La collision mortelle est survenue le 7 mai dernier. La National Highway Traffic Safety Administration américaine (NHTSA) enquête aussi sur une sortie de route plus récente, impliquant une autre Tesla, pour savoir si le pilotage automatique était activé.

Tesla a fait valoir que son système de pilotage automatique demande au chauffeur de garder les mains sur le volant en tout temps. S'il ne les détecte pas, il émet des alertes visuelles et sonores puis ralentit progressivement le véhicule.

« Lorsqu'utilisé sous surveillance du conducteur, le pilotage automatique diminue sa charge de travail et améliore la sécurité de façon significative », souligne toutefois le constructeur. Il ne faut donc pas s'étonner que cet accident mortel ait alimenté la discussion sur les voitures sans conducteur. Ces véhicules réellement automobiles (c'est-à-dire capables de se mouvoir eux-mêmes) suscitent à la fois de grands espoirs et de grandes interrogations.

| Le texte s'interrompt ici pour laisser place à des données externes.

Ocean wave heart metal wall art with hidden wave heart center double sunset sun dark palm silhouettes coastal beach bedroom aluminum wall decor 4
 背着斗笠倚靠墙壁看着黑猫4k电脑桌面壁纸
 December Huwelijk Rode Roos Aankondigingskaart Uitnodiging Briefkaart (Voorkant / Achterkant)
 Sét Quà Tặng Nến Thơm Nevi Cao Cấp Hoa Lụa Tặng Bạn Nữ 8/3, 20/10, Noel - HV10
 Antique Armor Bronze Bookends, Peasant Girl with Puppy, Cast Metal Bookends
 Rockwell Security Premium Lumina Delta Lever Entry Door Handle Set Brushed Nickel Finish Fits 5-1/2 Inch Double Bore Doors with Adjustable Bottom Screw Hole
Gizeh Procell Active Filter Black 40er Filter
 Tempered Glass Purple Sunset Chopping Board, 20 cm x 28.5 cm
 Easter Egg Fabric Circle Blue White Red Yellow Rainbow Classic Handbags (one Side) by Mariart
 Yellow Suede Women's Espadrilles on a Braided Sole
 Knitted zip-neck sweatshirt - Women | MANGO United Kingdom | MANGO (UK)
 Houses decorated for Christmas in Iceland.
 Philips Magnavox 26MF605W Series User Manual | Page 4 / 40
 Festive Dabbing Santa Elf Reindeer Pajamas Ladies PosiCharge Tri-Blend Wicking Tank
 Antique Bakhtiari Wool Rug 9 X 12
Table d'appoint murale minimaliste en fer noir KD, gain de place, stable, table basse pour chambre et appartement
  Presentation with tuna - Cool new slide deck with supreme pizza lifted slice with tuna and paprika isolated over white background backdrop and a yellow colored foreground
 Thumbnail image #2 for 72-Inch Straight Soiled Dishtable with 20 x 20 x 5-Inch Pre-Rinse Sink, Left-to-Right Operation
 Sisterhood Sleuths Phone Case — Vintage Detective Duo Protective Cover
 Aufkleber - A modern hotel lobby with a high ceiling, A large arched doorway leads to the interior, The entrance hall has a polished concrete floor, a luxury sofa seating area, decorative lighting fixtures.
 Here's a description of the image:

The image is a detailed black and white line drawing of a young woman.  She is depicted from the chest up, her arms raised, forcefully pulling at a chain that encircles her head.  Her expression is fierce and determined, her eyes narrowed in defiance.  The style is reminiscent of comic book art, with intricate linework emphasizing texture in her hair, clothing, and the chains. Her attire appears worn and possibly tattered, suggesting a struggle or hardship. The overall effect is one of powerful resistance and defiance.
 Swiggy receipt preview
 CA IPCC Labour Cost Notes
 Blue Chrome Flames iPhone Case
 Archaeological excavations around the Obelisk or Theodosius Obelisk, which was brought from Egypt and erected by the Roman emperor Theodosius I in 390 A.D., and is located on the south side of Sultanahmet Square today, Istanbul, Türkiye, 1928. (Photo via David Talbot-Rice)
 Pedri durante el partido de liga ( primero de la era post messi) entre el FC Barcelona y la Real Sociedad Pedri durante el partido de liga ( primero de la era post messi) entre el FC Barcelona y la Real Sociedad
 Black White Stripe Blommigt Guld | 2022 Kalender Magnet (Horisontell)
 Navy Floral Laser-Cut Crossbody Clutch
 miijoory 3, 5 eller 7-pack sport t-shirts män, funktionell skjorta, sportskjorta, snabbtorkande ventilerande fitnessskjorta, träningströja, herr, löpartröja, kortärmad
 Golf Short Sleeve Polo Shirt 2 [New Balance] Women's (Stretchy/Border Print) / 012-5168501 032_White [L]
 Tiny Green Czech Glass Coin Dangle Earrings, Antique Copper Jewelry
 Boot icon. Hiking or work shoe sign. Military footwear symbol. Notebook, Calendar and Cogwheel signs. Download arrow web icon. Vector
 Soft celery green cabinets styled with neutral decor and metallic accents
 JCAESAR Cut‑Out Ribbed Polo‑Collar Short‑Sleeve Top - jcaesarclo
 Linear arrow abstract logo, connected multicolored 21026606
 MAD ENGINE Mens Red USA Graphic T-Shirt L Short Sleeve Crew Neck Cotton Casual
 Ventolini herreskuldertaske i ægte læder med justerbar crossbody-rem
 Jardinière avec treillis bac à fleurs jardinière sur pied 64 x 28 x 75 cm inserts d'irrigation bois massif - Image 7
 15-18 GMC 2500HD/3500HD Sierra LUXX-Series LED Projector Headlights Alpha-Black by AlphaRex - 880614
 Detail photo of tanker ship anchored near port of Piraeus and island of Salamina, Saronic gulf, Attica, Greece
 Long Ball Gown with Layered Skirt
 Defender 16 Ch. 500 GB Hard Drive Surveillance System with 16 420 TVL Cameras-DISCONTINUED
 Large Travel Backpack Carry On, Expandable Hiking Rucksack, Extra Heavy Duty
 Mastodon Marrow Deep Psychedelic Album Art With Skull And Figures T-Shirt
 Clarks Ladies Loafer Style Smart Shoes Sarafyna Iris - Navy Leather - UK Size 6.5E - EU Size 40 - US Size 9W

Comme environ 90 % des collisions sont dues à des erreurs humaines, les véhicules sans conducteur réduiraient les accidents d'autant, estiment des chercheurs. Ainsi, les routes du Québec n'auraient pas fait 361 morts l'an dernier, mais seulement 36. Et c'est sans compter tous les autres accidents. Les gains potentiels font rêver, mais on est encore loin du compte. Il faudra d'abord passer par une période de transition durant laquelle les véhicules avec et sans conducteurs se côtoieront dans le trafic, avec des résultats imprévisibles.

Ainsi, la voiture sans conducteur de Google a été impliquée dans près de 20 collisions avant d'être responsable d'un premier accident, le 14 février dernier. Les précédentes avaient été causées par des facteurs extérieurs, dont la distraction des autres conducteurs.

La programmation des véhicules sans conducteur va aussi poser des dilemmes éthiques considérables : faut-il prioriser la sécurité des passagers ou celles des autres usagers de la route ? Le public a des attentes contradictoires, montre une étude publiée le mois dernier dans le magazine Science.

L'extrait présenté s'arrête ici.